• **TASK DESCRIPTION**: For the data below, transcribe the part that opens with the line containing "Women's Nike Los" and closes with the line containing "Housse Cuir Portefeuille", exactly and with no pictures.
--- RECORDS FOR PROCESSING ---
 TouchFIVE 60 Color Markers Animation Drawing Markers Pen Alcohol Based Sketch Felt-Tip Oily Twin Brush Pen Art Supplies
---
--- RECORDS FOR PROCESSING ---
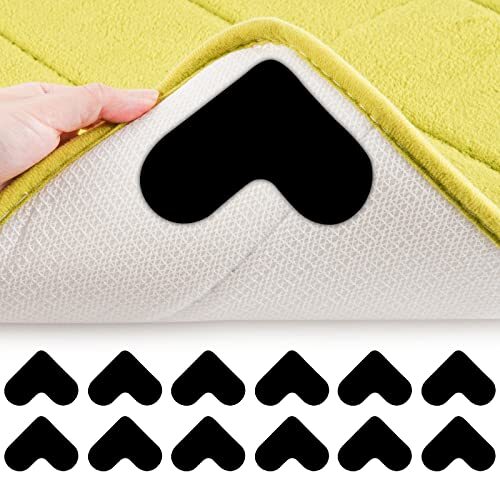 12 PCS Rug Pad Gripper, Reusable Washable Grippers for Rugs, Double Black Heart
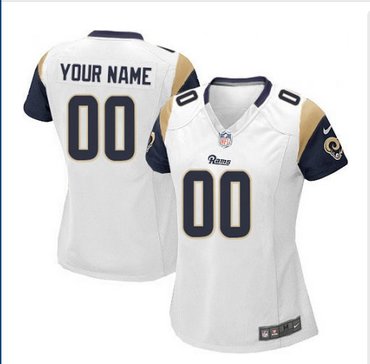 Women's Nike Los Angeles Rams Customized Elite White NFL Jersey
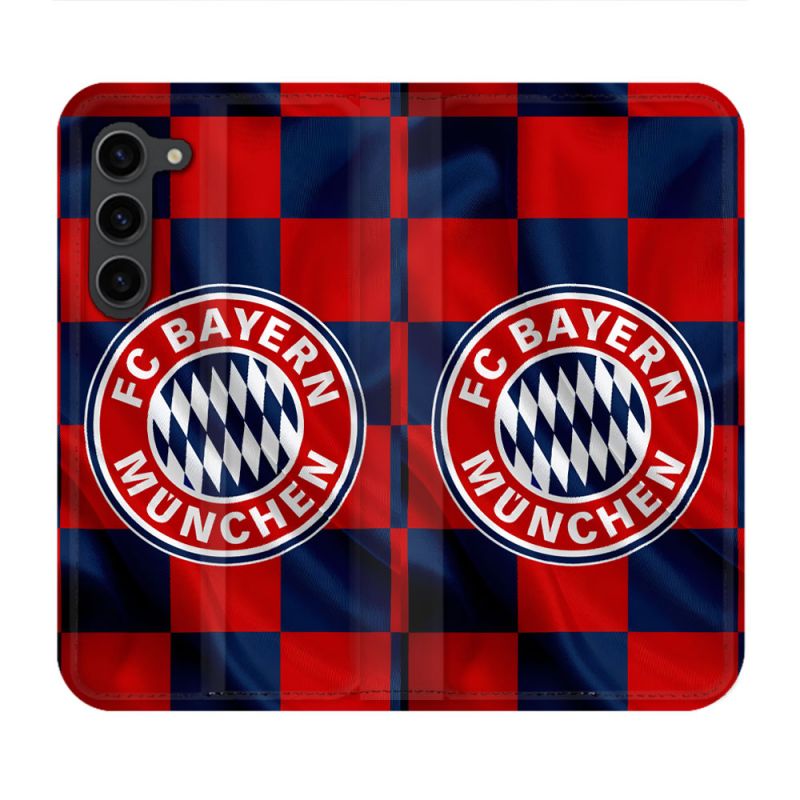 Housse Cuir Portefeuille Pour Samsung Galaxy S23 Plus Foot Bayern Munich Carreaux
---
• **FINAL ANSWER**:
 Women's Nike Los Angeles Rams Customized Elite White NFL Jersey
 Housse Cuir Portefeuille Pour Samsung Galaxy S23 Plus Foot Bayern Munich Carreaux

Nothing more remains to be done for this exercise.